** YOUR GOAL **
Starting at the line that contains "16 COUNTY RD", transcribe every remaining line of the data below exactly, and omit all pictures.

** SUPPLIED RECORDS **
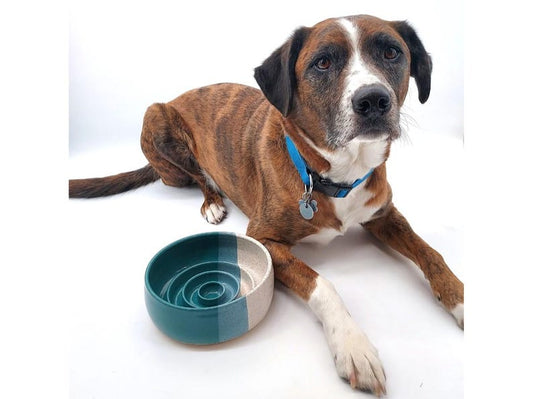 Three Tone Slow Feeder Handmade Ceramic Dog Bowl | Dog Feeder | Pottery | Puzzle Toy | Healthy Eating | Dog Dish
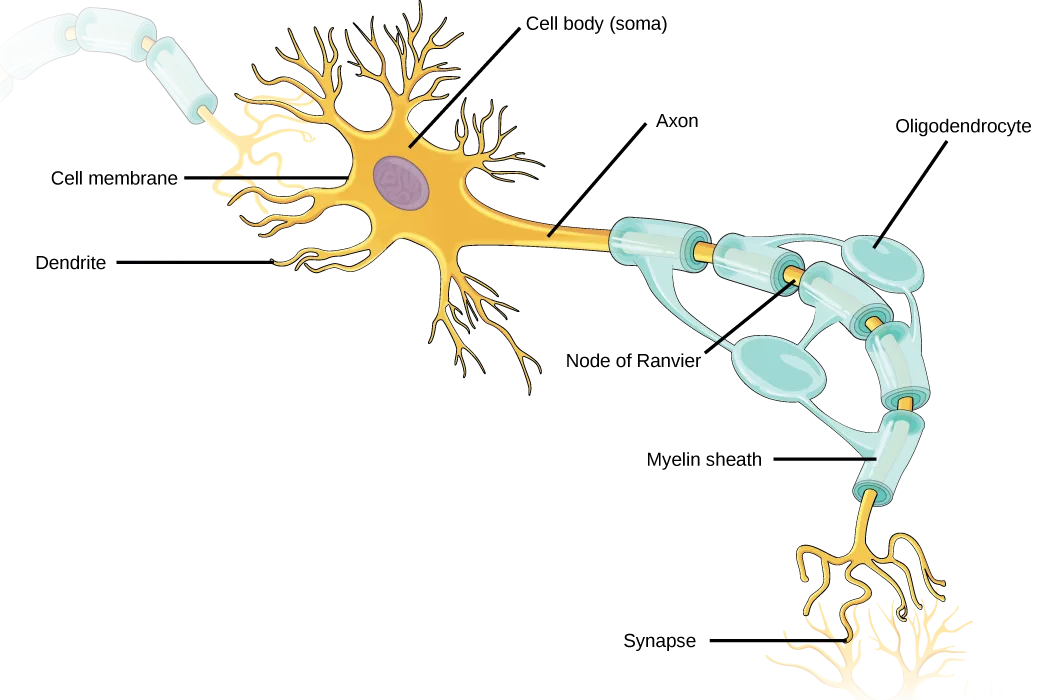 A gold, tree-branched neuron with a rounded cell body at left holding a purple nucleus; an axon runs right from the body, wrapped in a chain of teal, bead-like myelin segments separated by narrow gaps, and ends at lower right in a cluster of fine branching terminals. Eight leader lines label the cell body, membrane, dendrites, axon, an oligodendrocyte segment, a gap, the myelin sheath, and the terminal branches.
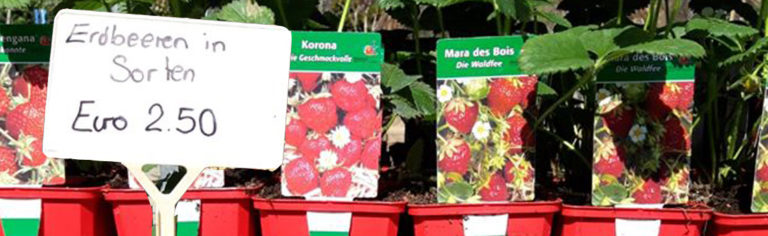 erdbeeren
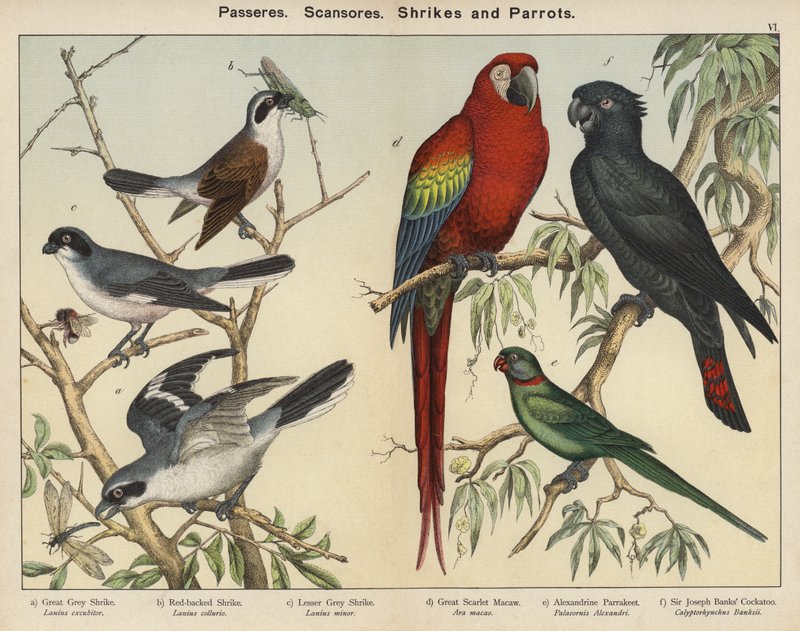 Passeres, Scansores, Picanços e Papagaios (litografia a cores) de European School
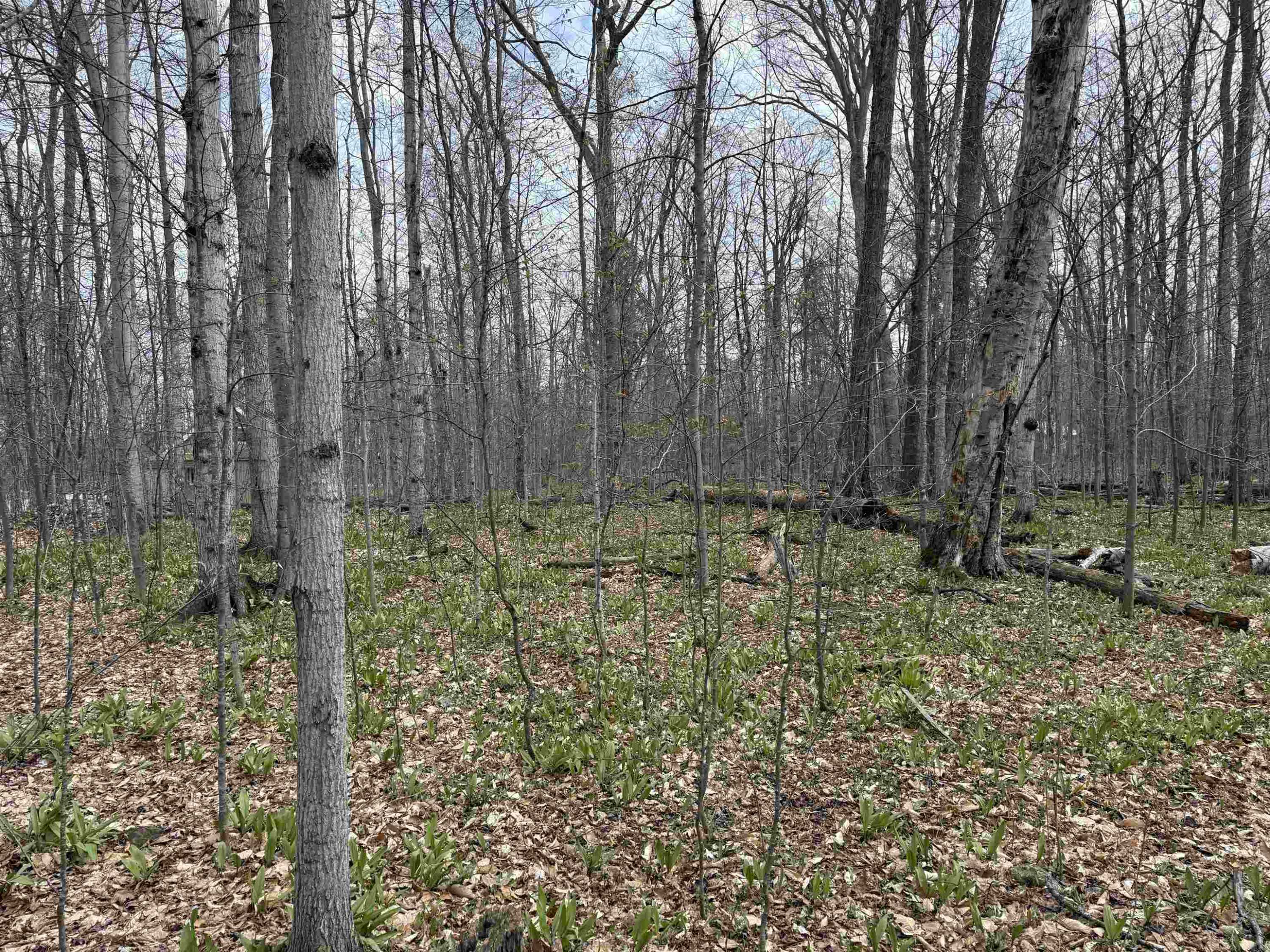 Cedar, MI 49621,0000 E Sugar Maple Drive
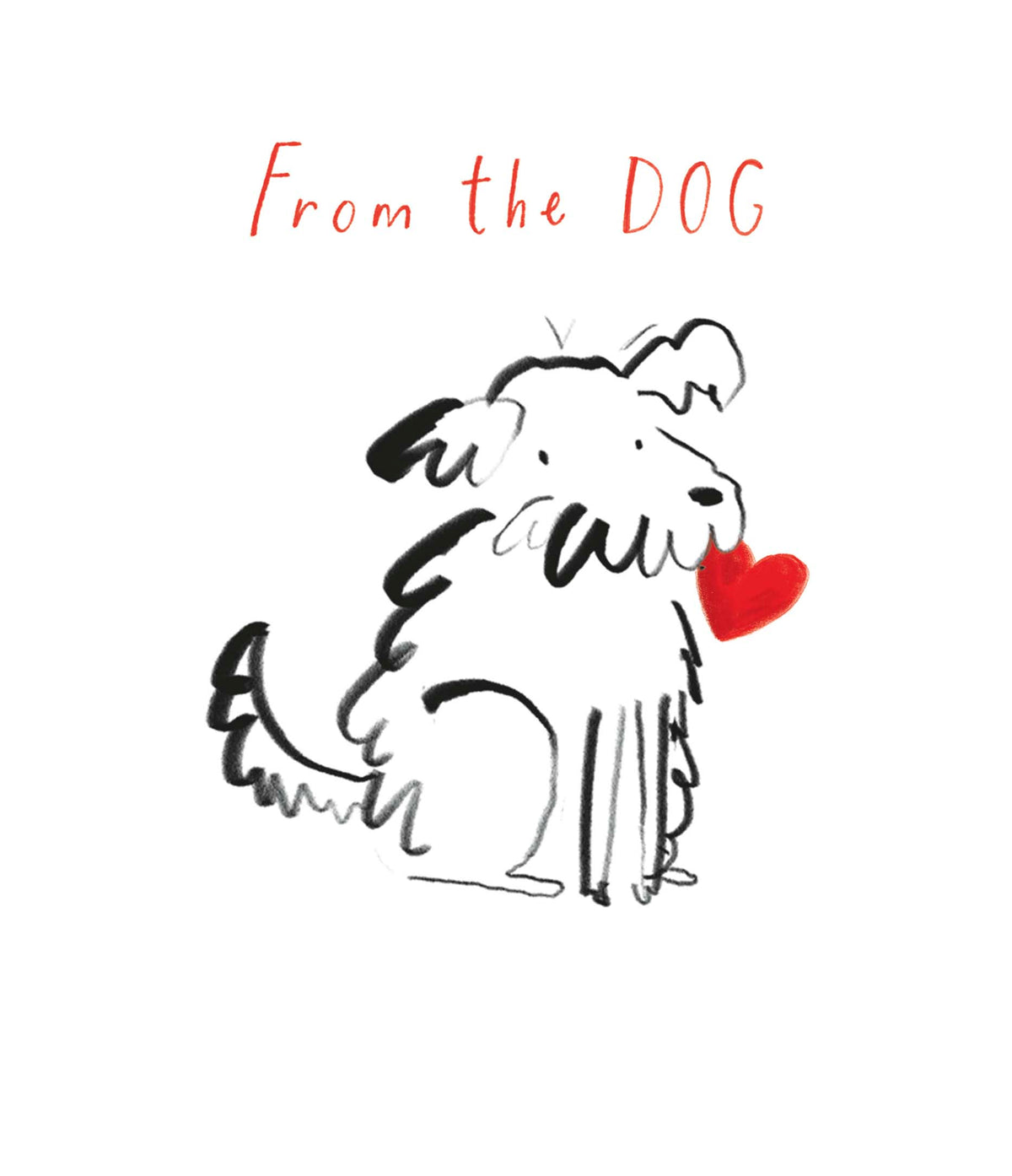 Standard Greeting Cards From Dog  Carlton Core Line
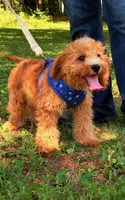 Eeyore, a male Cavapoo for sale in Hamptonville, NC – 9 of 9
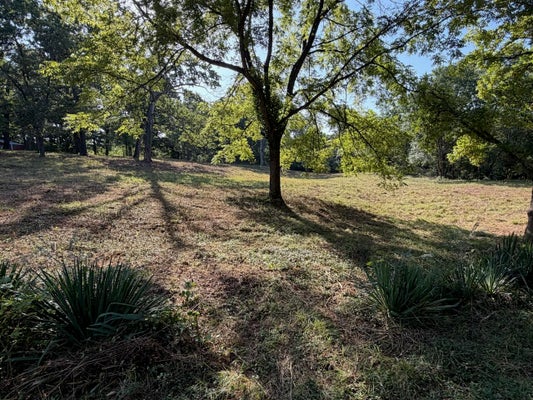 16 COUNTY RD 393, THAYER, MO 65791 - Image 9492329e31089e2ae5f8ff7eadb17b14/2436962880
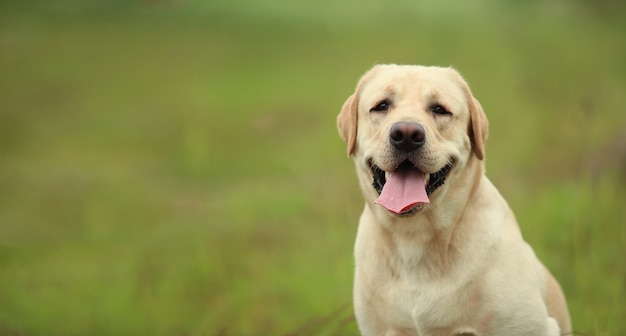 Gouden Labrador die in het de lentepark lopen, natuurlijk licht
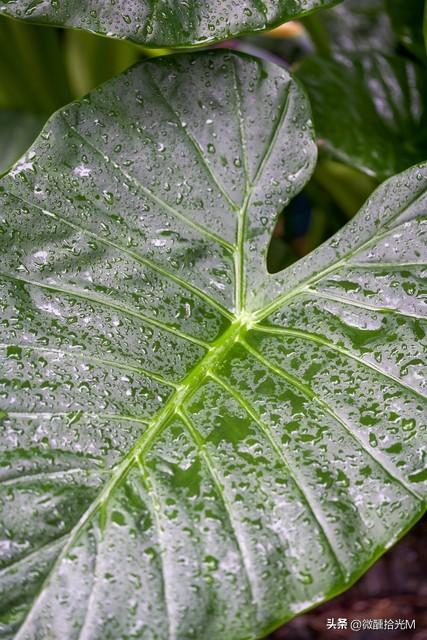 滴水观音又名海芋,有毒,花语和象征的寓意是什么?可以在室内养吗?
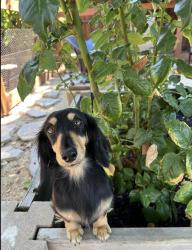 Reunited Female Dog last seen Rutherford canyon rd, Loomis, CA 95650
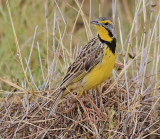  Yellow-throated Longclaw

** RESPONSE AREA **
 16 COUNTY RD 393, THAYER, MO 65791 - Image 9492329e31089e2ae5f8ff7eadb17b14/2436962880
 Gouden Labrador die in het de lentepark lopen, natuurlijk licht
 滴水观音又名海芋,有毒,花语和象征的寓意是什么?可以在室内养吗?
 Reunited Female Dog last seen Rutherford canyon rd, Loomis, CA 95650
  Yellow-throated Longclaw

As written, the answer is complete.